─── Supplied material

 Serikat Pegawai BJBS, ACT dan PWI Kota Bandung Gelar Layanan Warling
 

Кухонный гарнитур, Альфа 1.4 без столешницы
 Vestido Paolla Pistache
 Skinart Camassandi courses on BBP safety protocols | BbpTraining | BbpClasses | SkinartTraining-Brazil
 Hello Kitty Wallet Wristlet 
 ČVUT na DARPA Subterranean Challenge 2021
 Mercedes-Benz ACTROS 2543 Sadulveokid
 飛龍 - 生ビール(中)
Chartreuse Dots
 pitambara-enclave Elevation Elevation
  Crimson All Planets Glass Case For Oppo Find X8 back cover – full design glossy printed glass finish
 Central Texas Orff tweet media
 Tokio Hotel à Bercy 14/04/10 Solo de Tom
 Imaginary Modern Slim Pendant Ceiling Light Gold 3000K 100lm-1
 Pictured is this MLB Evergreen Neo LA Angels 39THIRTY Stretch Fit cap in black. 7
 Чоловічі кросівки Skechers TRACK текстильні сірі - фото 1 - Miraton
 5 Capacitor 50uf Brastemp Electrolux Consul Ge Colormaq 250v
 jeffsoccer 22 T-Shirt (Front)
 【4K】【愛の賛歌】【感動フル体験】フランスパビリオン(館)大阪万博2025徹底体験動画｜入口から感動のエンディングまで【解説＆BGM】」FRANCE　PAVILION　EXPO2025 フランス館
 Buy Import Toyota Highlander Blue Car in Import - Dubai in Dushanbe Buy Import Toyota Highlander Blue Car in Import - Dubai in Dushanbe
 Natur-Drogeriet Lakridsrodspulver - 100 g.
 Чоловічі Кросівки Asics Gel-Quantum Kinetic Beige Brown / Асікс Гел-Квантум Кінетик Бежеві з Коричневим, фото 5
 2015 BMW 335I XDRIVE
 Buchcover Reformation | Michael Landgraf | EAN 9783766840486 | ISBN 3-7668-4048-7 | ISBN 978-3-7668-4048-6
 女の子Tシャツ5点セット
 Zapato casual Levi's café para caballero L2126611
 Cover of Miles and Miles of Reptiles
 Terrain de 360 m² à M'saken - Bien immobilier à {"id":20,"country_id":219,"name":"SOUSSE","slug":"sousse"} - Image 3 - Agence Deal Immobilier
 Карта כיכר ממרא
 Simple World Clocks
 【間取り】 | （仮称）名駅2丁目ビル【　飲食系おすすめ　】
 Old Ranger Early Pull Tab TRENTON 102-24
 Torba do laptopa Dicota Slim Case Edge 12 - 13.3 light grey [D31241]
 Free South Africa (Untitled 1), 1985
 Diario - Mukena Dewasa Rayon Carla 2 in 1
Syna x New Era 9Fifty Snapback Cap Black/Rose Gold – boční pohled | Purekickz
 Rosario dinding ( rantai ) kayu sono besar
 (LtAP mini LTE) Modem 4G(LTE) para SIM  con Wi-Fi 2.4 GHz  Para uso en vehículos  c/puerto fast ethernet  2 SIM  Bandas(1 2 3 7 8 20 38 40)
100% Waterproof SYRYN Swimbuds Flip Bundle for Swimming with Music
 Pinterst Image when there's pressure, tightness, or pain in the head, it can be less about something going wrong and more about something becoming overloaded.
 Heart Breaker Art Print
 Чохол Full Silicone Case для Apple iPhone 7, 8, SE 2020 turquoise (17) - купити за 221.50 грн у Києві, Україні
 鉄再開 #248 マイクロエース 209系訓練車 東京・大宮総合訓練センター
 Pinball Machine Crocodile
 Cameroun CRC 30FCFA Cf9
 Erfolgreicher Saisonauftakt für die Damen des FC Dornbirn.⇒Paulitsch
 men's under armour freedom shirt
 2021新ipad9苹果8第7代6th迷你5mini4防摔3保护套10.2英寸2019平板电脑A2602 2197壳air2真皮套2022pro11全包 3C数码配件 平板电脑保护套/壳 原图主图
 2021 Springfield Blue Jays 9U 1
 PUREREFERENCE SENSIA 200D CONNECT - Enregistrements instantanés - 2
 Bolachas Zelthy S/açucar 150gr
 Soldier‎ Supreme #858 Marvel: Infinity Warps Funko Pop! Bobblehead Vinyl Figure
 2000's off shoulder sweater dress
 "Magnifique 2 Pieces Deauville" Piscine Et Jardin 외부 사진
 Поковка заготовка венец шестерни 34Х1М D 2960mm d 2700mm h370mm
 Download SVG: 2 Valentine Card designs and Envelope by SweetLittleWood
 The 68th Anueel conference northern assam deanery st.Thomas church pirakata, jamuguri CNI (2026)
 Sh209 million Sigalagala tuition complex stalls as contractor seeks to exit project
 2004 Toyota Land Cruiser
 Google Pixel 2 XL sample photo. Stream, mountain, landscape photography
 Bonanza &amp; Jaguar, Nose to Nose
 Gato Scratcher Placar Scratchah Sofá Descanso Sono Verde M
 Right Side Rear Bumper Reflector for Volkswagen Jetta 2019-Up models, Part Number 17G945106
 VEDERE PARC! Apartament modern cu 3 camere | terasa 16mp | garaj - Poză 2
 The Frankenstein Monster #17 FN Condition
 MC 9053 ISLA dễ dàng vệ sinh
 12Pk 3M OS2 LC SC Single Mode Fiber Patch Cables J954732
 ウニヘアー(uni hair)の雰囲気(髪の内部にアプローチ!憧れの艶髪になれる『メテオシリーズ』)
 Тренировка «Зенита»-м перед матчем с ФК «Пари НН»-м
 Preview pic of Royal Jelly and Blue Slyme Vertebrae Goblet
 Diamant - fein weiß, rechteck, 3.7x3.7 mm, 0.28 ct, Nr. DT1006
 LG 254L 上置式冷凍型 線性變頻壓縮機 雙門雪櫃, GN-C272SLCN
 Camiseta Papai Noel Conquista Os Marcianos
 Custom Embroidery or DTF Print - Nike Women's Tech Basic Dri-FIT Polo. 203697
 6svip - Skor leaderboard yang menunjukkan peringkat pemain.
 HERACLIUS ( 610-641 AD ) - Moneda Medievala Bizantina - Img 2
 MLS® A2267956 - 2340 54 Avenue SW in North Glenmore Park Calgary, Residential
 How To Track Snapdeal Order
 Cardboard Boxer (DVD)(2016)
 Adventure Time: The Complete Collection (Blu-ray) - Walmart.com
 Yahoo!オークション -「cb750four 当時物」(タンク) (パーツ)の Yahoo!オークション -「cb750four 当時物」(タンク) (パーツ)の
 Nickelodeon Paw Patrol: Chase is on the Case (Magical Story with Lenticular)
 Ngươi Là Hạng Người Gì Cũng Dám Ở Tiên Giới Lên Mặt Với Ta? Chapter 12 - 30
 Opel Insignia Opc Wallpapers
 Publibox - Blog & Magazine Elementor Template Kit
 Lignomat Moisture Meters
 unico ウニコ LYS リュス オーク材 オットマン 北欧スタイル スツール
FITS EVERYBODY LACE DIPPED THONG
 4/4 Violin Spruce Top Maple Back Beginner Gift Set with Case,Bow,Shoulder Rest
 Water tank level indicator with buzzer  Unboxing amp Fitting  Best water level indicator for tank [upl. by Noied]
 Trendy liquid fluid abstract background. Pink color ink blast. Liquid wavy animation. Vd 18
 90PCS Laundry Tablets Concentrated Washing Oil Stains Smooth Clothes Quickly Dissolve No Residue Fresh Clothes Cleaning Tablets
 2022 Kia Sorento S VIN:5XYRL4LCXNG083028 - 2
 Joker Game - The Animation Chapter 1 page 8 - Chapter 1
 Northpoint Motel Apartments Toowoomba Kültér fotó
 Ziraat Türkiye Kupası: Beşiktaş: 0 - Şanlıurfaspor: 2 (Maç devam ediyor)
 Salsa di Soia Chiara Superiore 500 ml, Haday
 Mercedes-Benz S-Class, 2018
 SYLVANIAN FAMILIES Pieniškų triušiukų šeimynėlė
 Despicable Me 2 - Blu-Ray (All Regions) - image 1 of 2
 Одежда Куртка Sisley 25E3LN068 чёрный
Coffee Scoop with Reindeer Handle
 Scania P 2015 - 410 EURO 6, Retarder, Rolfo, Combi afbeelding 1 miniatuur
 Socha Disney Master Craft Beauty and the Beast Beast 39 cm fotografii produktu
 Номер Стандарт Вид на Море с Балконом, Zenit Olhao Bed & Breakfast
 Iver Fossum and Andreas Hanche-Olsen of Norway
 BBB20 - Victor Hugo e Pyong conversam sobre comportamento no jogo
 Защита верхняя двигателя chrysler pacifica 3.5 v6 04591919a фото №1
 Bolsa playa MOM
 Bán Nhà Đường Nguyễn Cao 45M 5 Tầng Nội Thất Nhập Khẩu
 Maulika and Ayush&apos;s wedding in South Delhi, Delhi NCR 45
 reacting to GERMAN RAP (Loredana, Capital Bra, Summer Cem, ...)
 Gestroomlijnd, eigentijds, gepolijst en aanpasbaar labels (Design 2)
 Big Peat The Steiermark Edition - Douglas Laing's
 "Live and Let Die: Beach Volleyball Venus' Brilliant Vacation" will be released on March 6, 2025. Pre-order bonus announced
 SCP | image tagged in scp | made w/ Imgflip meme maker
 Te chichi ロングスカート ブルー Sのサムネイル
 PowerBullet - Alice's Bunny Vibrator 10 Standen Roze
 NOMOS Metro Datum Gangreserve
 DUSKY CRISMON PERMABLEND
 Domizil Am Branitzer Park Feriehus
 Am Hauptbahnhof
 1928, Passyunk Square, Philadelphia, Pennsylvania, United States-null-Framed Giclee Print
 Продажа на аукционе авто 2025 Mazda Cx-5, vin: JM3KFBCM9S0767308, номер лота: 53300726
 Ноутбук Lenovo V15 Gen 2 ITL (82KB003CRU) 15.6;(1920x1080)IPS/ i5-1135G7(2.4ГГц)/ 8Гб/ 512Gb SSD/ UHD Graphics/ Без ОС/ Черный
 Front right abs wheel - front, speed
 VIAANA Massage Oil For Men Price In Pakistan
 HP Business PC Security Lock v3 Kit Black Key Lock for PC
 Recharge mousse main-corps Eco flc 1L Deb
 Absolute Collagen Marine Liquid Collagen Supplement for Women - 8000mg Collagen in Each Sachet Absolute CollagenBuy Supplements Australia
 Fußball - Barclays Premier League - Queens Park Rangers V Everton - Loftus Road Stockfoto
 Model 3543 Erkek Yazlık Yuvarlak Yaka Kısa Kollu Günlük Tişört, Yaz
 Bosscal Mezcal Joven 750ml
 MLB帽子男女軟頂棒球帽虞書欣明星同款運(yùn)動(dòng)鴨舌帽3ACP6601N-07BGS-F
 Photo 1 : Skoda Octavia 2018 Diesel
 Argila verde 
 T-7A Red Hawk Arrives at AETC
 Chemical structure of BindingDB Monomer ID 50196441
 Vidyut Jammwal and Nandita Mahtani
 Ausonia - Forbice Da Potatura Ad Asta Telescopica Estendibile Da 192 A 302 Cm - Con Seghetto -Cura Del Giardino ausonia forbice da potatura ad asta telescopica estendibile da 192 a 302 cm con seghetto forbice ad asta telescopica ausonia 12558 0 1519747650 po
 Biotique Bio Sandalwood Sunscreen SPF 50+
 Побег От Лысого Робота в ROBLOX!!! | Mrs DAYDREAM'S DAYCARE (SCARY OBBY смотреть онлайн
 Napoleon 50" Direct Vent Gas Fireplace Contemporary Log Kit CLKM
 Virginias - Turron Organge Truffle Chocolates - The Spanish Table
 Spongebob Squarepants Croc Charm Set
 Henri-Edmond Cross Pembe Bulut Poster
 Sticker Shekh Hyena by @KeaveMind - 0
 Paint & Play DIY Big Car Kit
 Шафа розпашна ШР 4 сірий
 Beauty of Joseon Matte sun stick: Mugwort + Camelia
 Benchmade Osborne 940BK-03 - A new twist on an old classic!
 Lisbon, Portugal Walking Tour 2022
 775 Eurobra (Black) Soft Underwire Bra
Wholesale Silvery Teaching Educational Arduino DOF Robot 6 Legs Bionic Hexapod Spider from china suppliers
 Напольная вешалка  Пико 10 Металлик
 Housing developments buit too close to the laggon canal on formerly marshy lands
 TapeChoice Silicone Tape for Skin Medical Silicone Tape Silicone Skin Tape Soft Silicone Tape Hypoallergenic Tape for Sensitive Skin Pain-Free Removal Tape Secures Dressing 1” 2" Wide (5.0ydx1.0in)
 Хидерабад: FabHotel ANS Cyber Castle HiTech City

──────

Problem to solve >> Within the material above, the line with "Bán Nhà Đường" opens the range and the line with "Продажа на аукционе" closes it; reproduce that range word for word.

Response for this exercise >>
 Bán Nhà Đường Nguyễn Cao 45M 5 Tầng Nội Thất Nhập Khẩu
 Maulika and Ayush&apos;s wedding in South Delhi, Delhi NCR 45
 reacting to GERMAN RAP (Loredana, Capital Bra, Summer Cem, ...)
 Gestroomlijnd, eigentijds, gepolijst en aanpasbaar labels (Design 2)
 Big Peat The Steiermark Edition - Douglas Laing's
 "Live and Let Die: Beach Volleyball Venus' Brilliant Vacation" will be released on March 6, 2025. Pre-order bonus announced
 SCP | image tagged in scp | made w/ Imgflip meme maker
 Te chichi ロングスカート ブルー Sのサムネイル
 PowerBullet - Alice's Bunny Vibrator 10 Standen Roze
 NOMOS Metro Datum Gangreserve
 DUSKY CRISMON PERMABLEND
 Domizil Am Branitzer Park Feriehus
 Am Hauptbahnhof
 1928, Passyunk Square, Philadelphia, Pennsylvania, United States-null-Framed Giclee Print
 Продажа на аукционе авто 2025 Mazda Cx-5, vin: JM3KFBCM9S0767308, номер лота: 53300726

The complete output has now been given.